### DATASET CONTENT

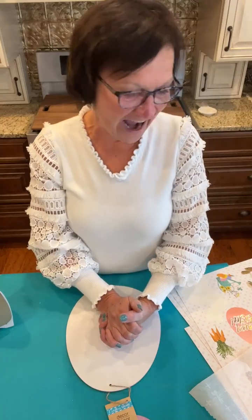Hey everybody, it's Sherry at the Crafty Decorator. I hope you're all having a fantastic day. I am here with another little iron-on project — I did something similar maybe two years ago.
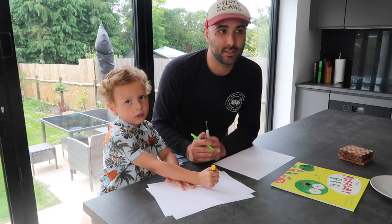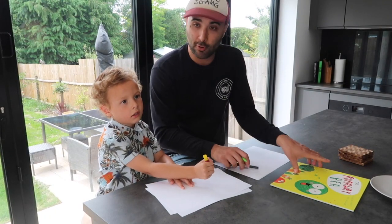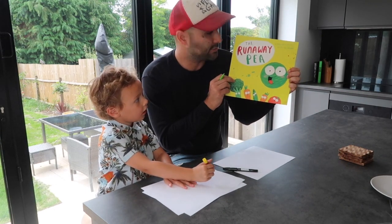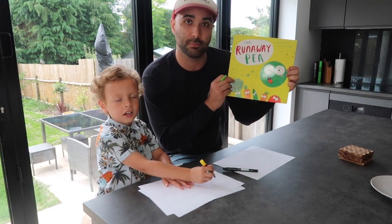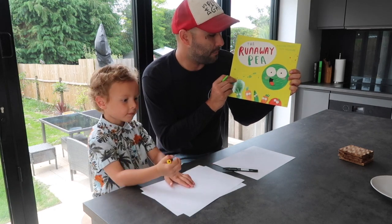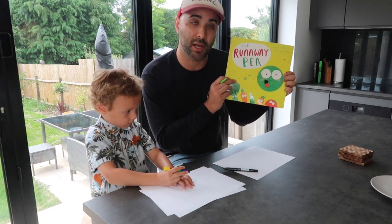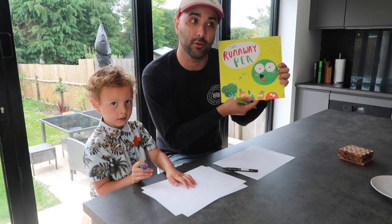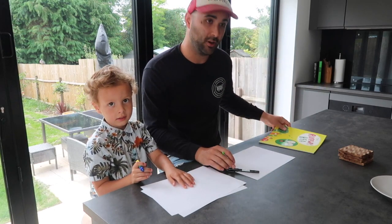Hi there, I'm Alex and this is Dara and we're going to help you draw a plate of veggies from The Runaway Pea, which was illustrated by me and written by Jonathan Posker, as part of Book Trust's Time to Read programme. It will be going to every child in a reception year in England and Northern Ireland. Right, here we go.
==
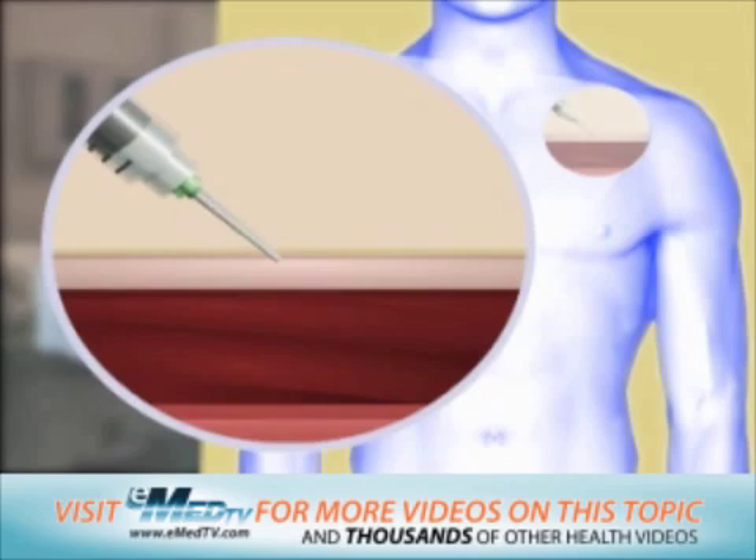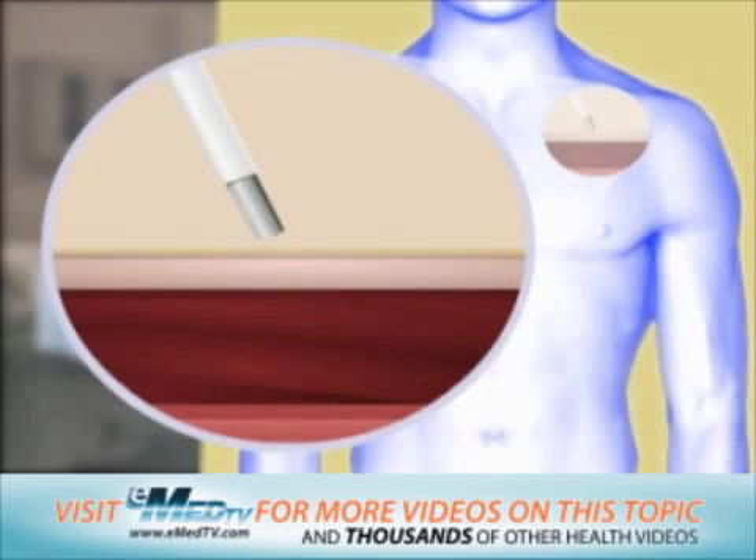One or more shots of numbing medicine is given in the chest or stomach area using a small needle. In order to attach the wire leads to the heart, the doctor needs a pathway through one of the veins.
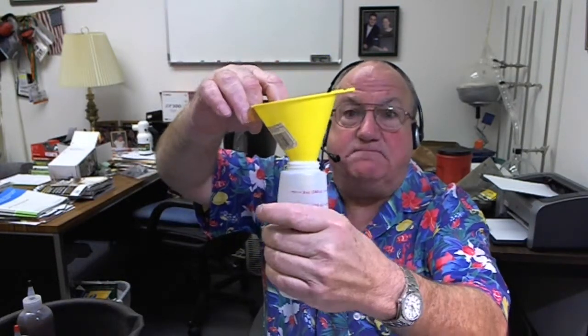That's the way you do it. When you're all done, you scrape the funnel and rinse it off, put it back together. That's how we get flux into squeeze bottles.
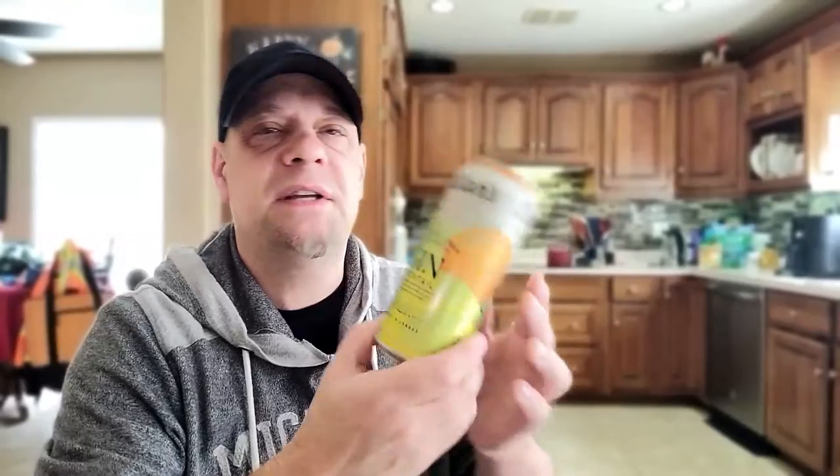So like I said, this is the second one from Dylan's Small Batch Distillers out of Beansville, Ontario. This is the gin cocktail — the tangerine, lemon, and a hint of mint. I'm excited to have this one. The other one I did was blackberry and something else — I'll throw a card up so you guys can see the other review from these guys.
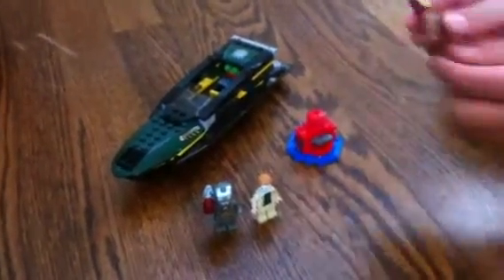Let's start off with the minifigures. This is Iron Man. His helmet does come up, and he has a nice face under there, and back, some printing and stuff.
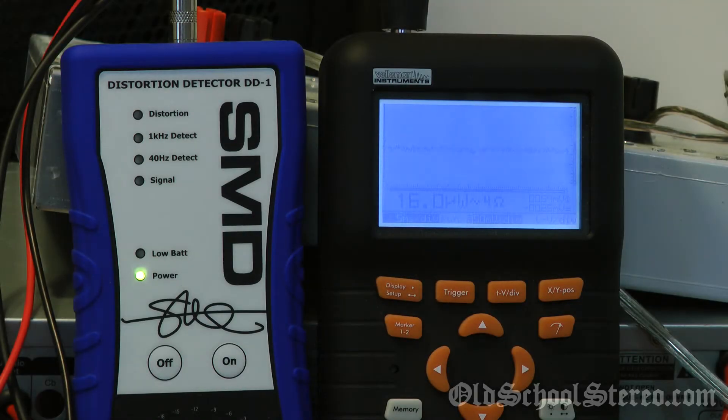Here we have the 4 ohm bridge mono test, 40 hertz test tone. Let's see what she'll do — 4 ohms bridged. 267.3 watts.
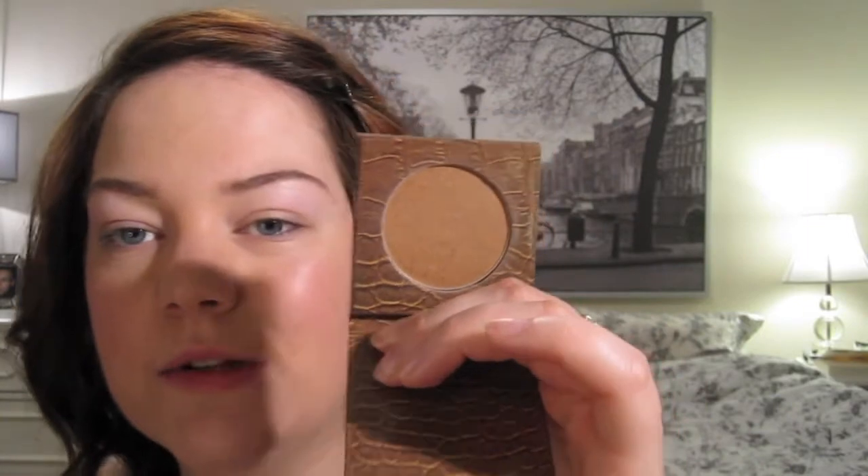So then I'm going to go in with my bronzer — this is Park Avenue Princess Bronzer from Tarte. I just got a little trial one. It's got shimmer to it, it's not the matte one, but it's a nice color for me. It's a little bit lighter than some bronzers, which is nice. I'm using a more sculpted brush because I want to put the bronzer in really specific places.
...
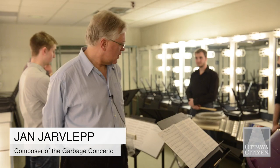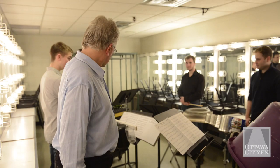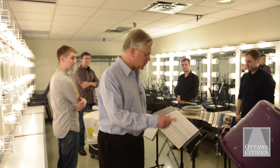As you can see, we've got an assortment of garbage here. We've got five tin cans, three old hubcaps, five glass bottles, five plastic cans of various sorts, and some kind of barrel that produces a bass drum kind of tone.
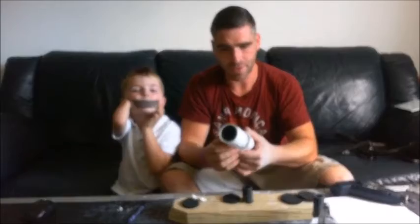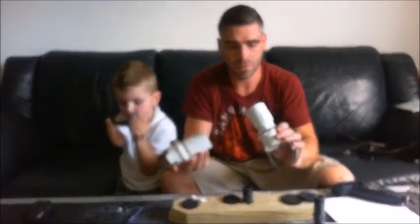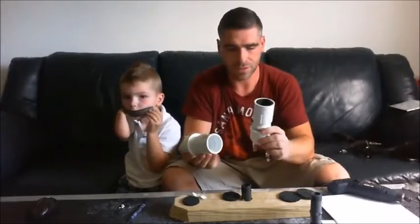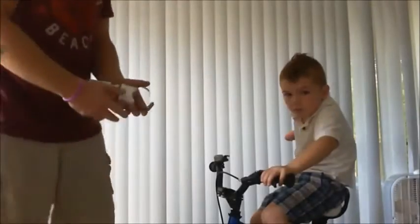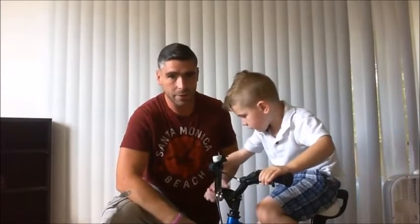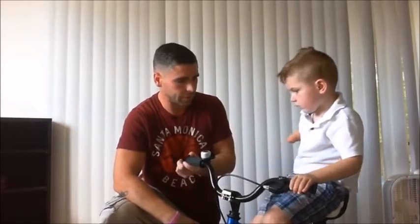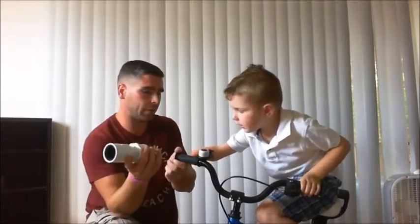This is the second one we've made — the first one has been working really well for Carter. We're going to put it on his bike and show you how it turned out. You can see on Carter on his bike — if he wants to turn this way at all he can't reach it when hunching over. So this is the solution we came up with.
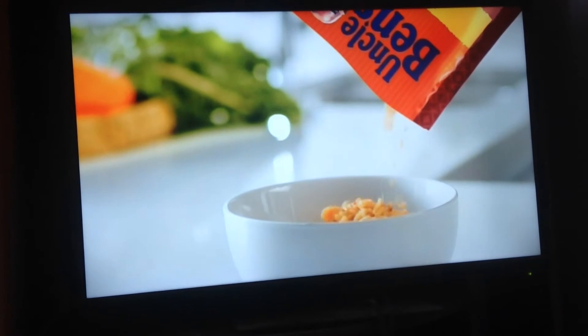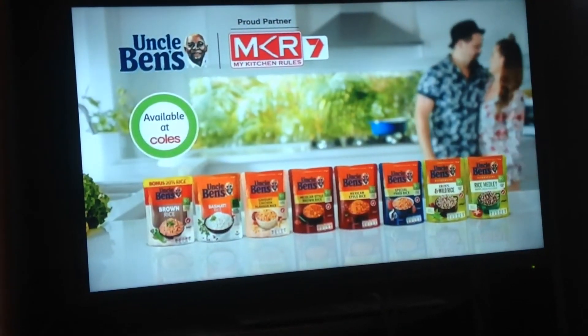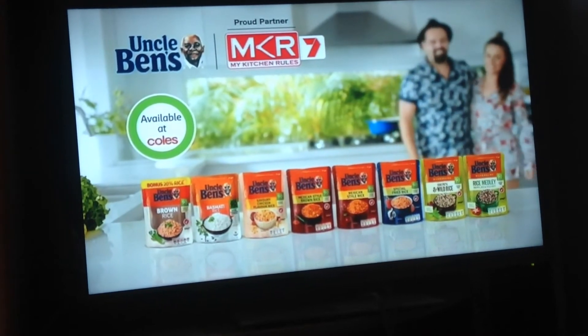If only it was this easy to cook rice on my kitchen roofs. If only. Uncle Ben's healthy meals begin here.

### WHAT IS EXPECTED
From the records above, quote word for word only the lines beginning at the line that has "As you can see, we've" and stopping after the line that has "If only it was". Omit the pictures.

### ANSWER TO THE EXERCISE
As you can see, we've got an assortment of garbage here. We've got five tin cans, three old hubcaps, five glass bottles, five plastic cans of various sorts, and some kind of barrel that produces a bass drum kind of tone.
This is the second one we've made — the first one has been working really well for Carter. We're going to put it on his bike and show you how it turned out. You can see on Carter on his bike — if he wants to turn this way at all he can't reach it when hunching over. So this is the solution we came up with.
If only it was this easy to cook rice on my kitchen roofs. If only. Uncle Ben's healthy meals begin here.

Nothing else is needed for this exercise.